Albums from the begining of 1980s, Flush The Fashion, Special Forces, Zipper Catches Skin and DaDa were not succesful in commercial way, they were very strange and bizarre at that time, and are now considered cult classics. Cooper then released Constrictor (1986) which had more success, followed by Raise Your Fist And Yell (1987). In 1989 he released his best-selling album Trash with the hit singles "Poison" and "Bed Of Nails"

In 1991. album Hey Stoopid was released, and the song with same name became one of the anti-drug anthems. In 1994 he released The Last Temptation which contains deeper theological thoughts. Then, a pause that lasted for 6 years and a great comeback in 2000. with Brutal Planet. Strong, dark and loud with motives from brutality of a real world without much philosophy, it is one of most realistic rock albums ever. Brutal Planet was succeeded by Dragontown (2001). (Dragontown is the worst city on Brutal Planet.)

Cooper continues to record and tour heavily to this date.
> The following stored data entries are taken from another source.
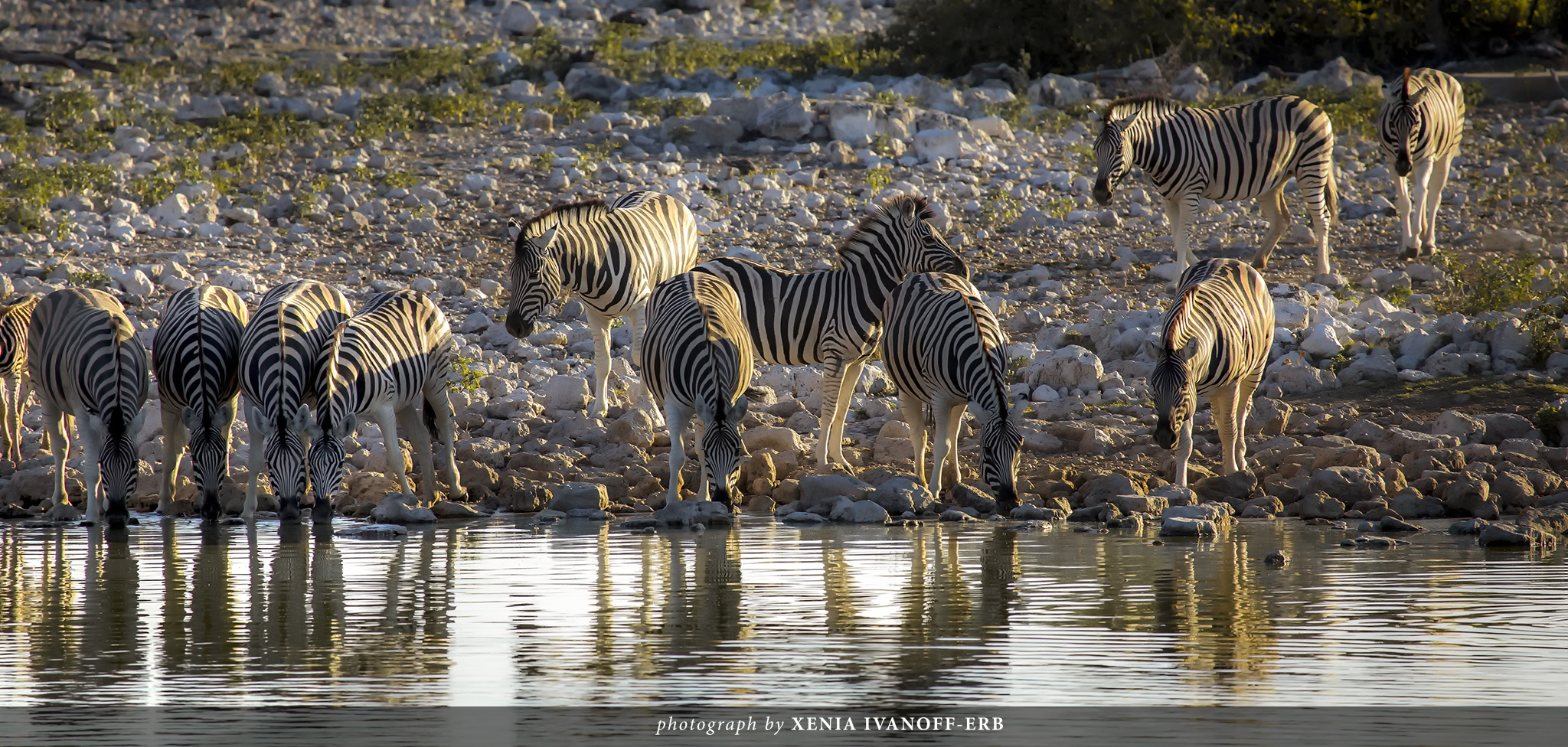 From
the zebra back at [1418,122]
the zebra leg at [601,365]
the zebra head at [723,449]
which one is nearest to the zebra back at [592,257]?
the zebra leg at [601,365]

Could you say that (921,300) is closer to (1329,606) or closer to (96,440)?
(1329,606)

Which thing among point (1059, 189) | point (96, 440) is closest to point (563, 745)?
point (96, 440)

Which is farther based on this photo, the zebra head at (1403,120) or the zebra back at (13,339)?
the zebra head at (1403,120)

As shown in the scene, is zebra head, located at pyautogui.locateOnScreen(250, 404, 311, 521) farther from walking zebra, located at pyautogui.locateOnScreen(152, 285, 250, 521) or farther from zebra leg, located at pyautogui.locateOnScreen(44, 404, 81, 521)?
zebra leg, located at pyautogui.locateOnScreen(44, 404, 81, 521)

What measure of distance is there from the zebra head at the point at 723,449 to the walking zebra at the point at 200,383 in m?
3.14

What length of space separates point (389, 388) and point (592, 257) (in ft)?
8.47

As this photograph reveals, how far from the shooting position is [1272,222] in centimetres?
1623

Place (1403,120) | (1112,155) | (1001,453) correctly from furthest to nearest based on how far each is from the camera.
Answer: (1403,120), (1112,155), (1001,453)

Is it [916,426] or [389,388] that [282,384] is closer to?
[389,388]

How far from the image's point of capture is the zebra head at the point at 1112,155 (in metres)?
15.5

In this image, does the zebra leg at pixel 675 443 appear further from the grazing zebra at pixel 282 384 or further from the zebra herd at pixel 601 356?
the grazing zebra at pixel 282 384

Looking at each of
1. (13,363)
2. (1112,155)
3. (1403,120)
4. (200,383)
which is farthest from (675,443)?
(1403,120)

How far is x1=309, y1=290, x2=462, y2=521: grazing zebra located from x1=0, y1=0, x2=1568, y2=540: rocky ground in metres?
0.37

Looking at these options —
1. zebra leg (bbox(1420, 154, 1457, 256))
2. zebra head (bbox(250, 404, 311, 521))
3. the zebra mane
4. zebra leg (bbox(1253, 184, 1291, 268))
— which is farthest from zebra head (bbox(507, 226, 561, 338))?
zebra leg (bbox(1420, 154, 1457, 256)) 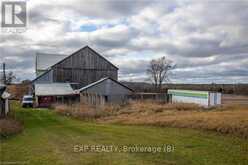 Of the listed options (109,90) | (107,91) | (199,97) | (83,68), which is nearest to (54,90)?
(83,68)

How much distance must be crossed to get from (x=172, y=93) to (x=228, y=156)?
91.3 ft

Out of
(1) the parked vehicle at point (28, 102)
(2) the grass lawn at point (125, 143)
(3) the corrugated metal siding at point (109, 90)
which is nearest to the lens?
(2) the grass lawn at point (125, 143)

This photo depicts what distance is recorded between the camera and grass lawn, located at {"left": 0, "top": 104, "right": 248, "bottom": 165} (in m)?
8.07

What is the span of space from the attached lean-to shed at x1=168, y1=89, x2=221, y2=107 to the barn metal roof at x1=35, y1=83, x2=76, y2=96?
13.6 meters

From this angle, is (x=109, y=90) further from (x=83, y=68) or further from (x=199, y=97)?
(x=199, y=97)

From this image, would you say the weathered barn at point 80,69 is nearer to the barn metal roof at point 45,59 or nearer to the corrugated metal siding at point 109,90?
the barn metal roof at point 45,59

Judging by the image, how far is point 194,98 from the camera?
102ft

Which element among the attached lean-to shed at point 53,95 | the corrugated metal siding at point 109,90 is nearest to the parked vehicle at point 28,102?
the attached lean-to shed at point 53,95

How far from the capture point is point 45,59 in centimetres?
4853

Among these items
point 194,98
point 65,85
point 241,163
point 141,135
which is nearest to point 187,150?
point 241,163

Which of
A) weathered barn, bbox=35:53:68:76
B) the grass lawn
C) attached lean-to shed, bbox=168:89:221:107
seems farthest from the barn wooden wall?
the grass lawn

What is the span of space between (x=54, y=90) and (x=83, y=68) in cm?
710

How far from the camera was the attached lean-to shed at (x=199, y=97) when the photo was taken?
2817 cm

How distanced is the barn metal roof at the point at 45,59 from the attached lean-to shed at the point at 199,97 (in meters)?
22.5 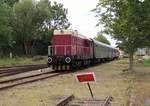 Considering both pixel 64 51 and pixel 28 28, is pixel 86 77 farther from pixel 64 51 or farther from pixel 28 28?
pixel 28 28

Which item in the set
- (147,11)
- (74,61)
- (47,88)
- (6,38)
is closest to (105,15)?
(74,61)

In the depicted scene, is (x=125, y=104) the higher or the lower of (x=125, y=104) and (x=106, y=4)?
the lower

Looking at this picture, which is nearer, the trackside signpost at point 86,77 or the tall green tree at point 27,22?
the trackside signpost at point 86,77

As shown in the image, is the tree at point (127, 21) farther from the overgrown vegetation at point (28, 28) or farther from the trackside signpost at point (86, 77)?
the overgrown vegetation at point (28, 28)

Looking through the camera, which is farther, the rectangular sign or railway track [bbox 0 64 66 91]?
railway track [bbox 0 64 66 91]

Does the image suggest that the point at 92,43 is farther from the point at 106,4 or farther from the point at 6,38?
the point at 6,38

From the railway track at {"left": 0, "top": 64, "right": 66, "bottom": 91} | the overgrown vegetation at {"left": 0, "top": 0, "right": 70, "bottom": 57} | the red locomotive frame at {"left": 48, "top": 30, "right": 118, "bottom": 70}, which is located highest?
the overgrown vegetation at {"left": 0, "top": 0, "right": 70, "bottom": 57}

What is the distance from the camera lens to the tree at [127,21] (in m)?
34.6

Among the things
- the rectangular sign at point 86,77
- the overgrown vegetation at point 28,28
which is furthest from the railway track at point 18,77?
the overgrown vegetation at point 28,28

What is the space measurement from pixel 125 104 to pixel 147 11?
18.2 meters

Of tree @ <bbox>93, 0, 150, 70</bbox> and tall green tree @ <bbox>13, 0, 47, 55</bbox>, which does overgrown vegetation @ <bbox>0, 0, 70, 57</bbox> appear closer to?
tall green tree @ <bbox>13, 0, 47, 55</bbox>

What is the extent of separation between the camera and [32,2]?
93625 millimetres

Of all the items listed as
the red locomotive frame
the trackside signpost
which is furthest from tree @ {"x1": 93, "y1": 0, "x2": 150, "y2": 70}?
the trackside signpost

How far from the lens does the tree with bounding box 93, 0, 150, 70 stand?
113 feet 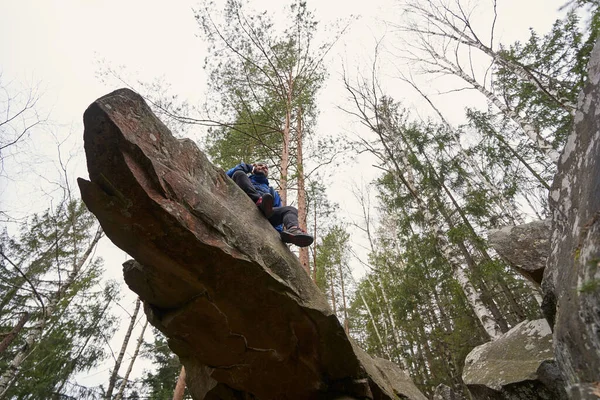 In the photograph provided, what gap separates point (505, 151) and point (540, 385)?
13881 millimetres

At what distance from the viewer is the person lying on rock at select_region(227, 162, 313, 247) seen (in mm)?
4266

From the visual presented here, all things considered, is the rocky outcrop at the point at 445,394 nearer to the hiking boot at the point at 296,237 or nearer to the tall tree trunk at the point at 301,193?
the tall tree trunk at the point at 301,193

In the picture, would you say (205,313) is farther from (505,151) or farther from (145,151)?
(505,151)

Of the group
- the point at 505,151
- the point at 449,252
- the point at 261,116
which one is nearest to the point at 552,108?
the point at 505,151

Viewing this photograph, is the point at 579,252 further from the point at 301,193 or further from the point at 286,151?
the point at 286,151

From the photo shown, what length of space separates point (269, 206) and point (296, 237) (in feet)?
2.17

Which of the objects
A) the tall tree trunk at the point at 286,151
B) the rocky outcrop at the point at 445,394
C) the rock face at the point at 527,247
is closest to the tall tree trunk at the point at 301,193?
the tall tree trunk at the point at 286,151

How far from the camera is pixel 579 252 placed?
212 cm

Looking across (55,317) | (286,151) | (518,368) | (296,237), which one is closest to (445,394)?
(518,368)

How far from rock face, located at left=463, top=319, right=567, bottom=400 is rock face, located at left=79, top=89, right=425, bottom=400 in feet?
4.17

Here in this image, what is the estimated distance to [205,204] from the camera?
338cm

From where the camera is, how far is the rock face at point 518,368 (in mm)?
4262

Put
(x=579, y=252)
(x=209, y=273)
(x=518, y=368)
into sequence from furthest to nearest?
Result: (x=518, y=368)
(x=209, y=273)
(x=579, y=252)

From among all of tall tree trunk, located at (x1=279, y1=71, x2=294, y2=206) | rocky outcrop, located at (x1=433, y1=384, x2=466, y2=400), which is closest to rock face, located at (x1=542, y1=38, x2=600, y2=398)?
tall tree trunk, located at (x1=279, y1=71, x2=294, y2=206)
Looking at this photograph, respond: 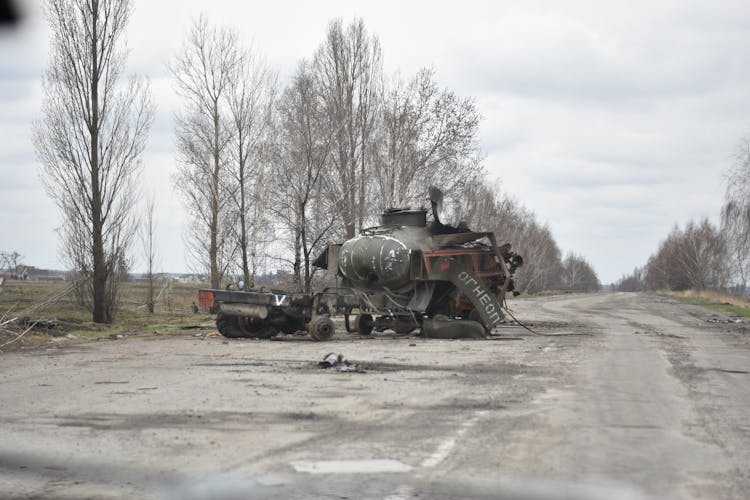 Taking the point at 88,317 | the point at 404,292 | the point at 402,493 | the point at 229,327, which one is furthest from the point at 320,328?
the point at 402,493

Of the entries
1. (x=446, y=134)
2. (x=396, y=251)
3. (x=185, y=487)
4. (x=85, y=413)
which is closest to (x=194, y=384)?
(x=85, y=413)

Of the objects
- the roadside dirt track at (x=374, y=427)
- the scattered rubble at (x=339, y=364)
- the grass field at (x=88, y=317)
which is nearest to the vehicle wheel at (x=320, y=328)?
the roadside dirt track at (x=374, y=427)

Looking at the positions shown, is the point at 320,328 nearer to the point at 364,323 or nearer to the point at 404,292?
the point at 364,323

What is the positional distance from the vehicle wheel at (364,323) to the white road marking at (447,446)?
40.7 ft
Many artists and rock bands claim to be fans of Cooper's, including Kiss, Alice In Chains, U2, Guttermouth, The Rolling Stones, Yngwie J. Malmsteen, Mötley Crüe, Tool, UFO, Michael Jackson, Megadeth, and of course Marilyn Manson, who has been called an imitation of Cooper.

Cooper owns a rock and roll club called Cooperstown[?] in Arizona and loves to golf.